Kolonel Priyanto Sempat Ngamar dengan Janda Cimahi dan Ngebom Rumah di Timor Timur

Terdakwa kasus dugaan pembunuhan terhadap sejoli Handi Saputra dan Salsabila, Kolonel TNI Infanteri Priyanto, ternyata sempat menginap

Editor: Fifi Suryani
TribunJakarta.com/Bima Putra
Kolonel Priyanto. 

TRIBUNJAMBI.COM, JAKARTA - Terdakwa kasus dugaan pembunuhan terhadap sejoli Handi Saputra dan Salsabila, Kolonel TNI Infanteri Priyanto, ternyata sempat menginap satu kamar alias ngamar dengan seorang teman wanitanya sebelum terlibat kecelakaan dan membuang korbannya yakni Handi dan Salsabila ke sungai. Hal itu terungkap dalam sidang lanjutan kasus tersebut di Pengadilan Militer Tinggi II Jakarta, Kamis (7/4).

Awalnya dalam sidang Ketua Majelis hakim Brigjen TNI Faridah Faisal meminta Priyanto menceritakan perjalanannya untuk mengikuti rapat evaluasi bidang intel di Jakarta. Priyanto adalah Kepala Seksi Intelijen Komando Resor Militer 133/Nani Wartabone Gorontalo. "Akan ada rapat pada hari Senin tanggal 6 Desember (2021), ada rapat evaluasi bidang intel yang dilaksanakan selama dua hari, tanggal 6 dan tanggal 7 hari Senin dan hari Selasa di Jakarta. Kami berangkat dari Gorontalo hari Jumat," kata Priyanto menjawab pertanyaan hakim Faridah.

Keesokan harinya, Priyanto bersama dua orang sopir yaitu Kopda Andreas Dwi Atmoko dan Koptu Achmad Sholeh berangkat dari Yogyakarta menuju Jakarta menggunakan mobil. Dalam perjalanan, mereka singgah di Cimahi, Jawa Barat, untuk menjemput teman wanita Priyanto bernama Nurmala Sari atau Lala.

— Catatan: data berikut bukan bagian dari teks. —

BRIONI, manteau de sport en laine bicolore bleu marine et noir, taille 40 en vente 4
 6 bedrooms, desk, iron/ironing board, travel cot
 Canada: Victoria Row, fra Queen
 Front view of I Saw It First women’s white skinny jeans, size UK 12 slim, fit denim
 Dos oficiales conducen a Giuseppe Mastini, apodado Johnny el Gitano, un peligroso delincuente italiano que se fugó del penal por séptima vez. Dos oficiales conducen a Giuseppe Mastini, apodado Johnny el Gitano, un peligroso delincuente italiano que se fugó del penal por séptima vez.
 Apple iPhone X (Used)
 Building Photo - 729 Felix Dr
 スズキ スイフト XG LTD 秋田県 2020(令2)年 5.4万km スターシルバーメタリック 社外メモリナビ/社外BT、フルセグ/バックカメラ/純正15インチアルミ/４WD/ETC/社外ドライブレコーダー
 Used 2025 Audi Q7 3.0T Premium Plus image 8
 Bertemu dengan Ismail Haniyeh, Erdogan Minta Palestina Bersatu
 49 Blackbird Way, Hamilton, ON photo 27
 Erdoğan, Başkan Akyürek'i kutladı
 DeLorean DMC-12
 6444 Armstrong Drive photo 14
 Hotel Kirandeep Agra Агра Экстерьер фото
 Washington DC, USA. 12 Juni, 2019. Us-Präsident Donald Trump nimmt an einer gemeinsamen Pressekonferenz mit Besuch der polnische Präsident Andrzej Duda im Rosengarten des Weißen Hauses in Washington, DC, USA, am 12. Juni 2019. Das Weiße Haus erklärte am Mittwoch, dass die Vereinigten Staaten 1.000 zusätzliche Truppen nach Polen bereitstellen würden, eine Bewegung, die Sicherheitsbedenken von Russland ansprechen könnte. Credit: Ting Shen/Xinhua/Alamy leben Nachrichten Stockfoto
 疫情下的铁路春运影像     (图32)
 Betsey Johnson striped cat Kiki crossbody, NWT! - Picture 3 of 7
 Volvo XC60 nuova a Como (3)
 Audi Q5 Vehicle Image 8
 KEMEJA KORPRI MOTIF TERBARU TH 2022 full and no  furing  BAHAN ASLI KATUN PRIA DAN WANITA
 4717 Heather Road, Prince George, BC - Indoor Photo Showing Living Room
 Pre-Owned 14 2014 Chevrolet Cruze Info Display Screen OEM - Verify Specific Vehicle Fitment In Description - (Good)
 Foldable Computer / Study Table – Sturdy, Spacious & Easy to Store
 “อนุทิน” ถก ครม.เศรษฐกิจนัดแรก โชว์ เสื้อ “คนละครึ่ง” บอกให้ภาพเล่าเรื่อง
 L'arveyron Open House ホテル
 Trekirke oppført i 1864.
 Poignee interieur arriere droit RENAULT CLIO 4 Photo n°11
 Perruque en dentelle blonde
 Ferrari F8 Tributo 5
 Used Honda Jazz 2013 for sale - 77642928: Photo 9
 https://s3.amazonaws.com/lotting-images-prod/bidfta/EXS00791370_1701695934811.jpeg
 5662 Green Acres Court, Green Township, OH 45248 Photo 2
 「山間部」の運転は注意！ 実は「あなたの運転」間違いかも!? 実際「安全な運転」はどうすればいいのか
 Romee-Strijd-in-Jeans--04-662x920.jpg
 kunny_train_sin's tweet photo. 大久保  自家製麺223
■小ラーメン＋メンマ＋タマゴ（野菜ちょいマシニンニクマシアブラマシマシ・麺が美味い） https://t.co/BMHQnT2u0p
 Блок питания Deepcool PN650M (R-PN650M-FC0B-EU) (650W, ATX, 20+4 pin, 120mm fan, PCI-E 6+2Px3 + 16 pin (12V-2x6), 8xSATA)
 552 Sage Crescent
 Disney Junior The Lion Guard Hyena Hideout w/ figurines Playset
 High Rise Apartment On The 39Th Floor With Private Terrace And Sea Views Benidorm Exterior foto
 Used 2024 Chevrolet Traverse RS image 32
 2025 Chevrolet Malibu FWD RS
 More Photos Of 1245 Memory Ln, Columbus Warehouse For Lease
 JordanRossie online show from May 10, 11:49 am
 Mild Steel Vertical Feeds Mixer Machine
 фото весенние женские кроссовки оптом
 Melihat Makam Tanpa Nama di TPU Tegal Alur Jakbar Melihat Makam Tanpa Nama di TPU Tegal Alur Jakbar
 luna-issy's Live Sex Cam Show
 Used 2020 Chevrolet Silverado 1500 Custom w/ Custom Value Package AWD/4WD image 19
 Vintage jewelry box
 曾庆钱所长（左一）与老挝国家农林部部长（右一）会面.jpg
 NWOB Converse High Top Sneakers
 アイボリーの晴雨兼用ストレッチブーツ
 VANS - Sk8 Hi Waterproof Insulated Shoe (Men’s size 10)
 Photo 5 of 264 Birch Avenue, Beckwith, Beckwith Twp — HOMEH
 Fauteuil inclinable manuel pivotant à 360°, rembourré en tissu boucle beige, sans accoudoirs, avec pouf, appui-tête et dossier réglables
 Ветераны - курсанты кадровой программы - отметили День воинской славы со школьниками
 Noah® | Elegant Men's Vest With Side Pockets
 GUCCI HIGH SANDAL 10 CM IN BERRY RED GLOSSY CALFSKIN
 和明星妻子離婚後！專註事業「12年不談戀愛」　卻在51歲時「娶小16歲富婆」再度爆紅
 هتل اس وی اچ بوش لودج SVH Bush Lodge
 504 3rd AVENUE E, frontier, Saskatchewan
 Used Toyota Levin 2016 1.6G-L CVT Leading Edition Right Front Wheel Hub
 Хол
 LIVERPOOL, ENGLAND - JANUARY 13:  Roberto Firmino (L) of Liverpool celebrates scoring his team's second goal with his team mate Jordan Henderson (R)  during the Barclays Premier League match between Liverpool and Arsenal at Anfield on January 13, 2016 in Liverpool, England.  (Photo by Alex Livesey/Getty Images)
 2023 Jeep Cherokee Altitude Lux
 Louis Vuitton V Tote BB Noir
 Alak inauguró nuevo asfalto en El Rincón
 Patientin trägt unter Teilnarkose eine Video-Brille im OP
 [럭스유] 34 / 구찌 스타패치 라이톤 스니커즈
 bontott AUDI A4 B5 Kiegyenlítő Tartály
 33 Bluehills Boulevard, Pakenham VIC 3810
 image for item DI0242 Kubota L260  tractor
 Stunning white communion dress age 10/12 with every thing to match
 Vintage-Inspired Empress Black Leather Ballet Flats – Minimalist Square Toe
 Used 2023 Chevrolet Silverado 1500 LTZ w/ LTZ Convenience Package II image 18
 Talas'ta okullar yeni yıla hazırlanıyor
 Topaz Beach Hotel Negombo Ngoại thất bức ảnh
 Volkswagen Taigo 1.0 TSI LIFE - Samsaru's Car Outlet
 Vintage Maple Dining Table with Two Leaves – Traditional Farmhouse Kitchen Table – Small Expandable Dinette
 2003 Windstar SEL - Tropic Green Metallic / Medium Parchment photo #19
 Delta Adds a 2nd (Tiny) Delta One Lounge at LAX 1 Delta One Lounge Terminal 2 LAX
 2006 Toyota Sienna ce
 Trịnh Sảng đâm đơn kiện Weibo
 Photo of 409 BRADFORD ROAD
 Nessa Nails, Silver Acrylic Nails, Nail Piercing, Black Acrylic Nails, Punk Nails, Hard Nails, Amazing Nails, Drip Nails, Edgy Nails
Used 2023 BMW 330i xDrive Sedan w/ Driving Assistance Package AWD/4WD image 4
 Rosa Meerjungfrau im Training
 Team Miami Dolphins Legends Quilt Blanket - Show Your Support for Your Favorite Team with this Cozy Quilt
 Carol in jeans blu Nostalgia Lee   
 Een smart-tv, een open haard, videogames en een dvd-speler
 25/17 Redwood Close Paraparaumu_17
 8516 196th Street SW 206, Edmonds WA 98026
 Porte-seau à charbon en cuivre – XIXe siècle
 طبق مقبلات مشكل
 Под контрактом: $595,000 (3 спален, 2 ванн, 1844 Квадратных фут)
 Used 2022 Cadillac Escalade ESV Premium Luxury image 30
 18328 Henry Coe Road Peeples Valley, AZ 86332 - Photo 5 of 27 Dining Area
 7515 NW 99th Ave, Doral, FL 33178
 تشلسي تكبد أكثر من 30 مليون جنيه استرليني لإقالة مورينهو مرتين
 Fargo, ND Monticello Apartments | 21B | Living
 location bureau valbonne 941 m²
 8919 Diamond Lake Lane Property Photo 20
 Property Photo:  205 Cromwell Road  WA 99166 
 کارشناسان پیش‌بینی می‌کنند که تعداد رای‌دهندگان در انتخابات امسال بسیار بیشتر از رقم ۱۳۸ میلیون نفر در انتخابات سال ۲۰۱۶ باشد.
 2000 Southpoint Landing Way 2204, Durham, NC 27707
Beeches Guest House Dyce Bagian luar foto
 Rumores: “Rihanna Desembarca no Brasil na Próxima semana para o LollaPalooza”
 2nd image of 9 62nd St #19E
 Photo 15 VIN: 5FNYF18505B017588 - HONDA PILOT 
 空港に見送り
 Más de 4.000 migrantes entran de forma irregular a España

"Berangkat dari Jogja bertiga? berangkat dari Cimahi berempat?" tanya hakim Faridah. "Siap," jawab Priyanto. "Jemput siapa di Cimahi? Saudara Nurmala Sari?" tanya hakim lagi. "Siap," jawab Priyanto. "Teman atau apa?" tanya hakim lagi. Priyanto kemudian menjawab bahwa Lala adalah temannya yang dikenal saat bertugas di Cimahi. "Statusnya apa ini Nurmala Sari?" tanya Faridah. "Janda," jawab Priyanto.

Priyanto menjelaskan bahwa dirinya berteman dengan Lala sejak 2013. Saat itu ia bertugas sebagai Guru Militer (Gumil) di Pusdik Pemilum, Cimahi, Jawa Barat. Pada gilirannya, Hakim Anggota Kolonel Chk Surjadi Syamsir juga turut mendalami terkait hubungan Priyanto dengan Lala. Dari sana diketahui bahwa Priyanto tidak pernah menikah dengan Lala. "Tidak (pernah menikah), hanya sebagai teman biasa saja," jawab Priyanto ketika ditanya Surjadi.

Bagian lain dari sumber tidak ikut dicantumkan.